One of AMD’s major talking points with the 5700 XT is now Navi represents a fundamentally new GPU architecture. The 5700 XT proved itself to be moderately faster than the Vega 64 in our testing on the consumer side of the equation, but we wanted to check the situation in compute as well. Keep in mind, however, that the 5700 XT’s newness also works against us a bit here. Some applications may need to be updated to take full advantage of its capabilities.
Regarding Blender 2.80
Our test results contain data from both Blender 2.80 and the standalone Blender benchmark, 1.0beta2 (released August 2018). Blender 2.80 is a major release for the application, and it contains a number of significant changes. The standalone benchmark is not compatible with Nvidia’s RTX family, which necessitated testing with the latest version of the software. Initially, we tested the Blender 2.80 beta, but then the final version dropped — so we dumped the beta results and retested.
There are significant performance differences between the Blender 1.0beta2 benchmark and 2.80 and one scene, Classroom, does not render properly in the new version. This scene has been dropped from our 2.80 comparisons. Blender allows the user to specify a tile size in pixels to control how much of the scene is worked on at once. Code in the Blender 1.0beta2 benchmark’s Python files indicates that the test uses a tile size of 512×512 (X/Y coordinates) for GPUs and 16×16 for CPUs. Most of the scene files actually contained within the benchmark, however, actually use a tile size of 32×32 by default if loaded within Blender 2.80.

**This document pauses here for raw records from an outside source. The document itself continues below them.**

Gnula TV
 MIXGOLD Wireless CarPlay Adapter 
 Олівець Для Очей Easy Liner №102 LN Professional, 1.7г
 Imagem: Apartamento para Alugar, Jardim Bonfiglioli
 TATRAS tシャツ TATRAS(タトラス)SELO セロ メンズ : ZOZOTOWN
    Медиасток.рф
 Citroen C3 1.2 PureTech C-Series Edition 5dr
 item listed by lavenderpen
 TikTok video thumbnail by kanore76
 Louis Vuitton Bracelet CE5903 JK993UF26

We tested Blender 2.80 in two different modes. First, we tested all compatible scenes using the default tile size those scenes loaded with. This was 16×16 for Barbershop_Interior, and 32×32 for all other scenes. Next, we tested the same renders with a default tile size of 512×512. Up until now, the rule with tile sizes has been that larger sizes were good for GPUs, while smaller sizes were good for CPUs. This appears to have changed somewhat with Blender 2.80. AMD and Nvidia GPUs show very different responses to larger tile sizes, with AMD GPUs accelerating with higher tile sizes and Nvidia GPUs losing performance.
Because the scene files we are testing were created in an older version of Blender, it’s possible that this might be impacting our overall results. We have worked extensively with AMD for several weeks to explore aspects of Blender performance on GCN GPUs. GCN, Pascal, Turing, and RDNA all show a different pattern of results when moving from 32×32 to 512×512, with Turing losing less performance than Pascal and RDNA gaining more performance in most circumstances than GCN.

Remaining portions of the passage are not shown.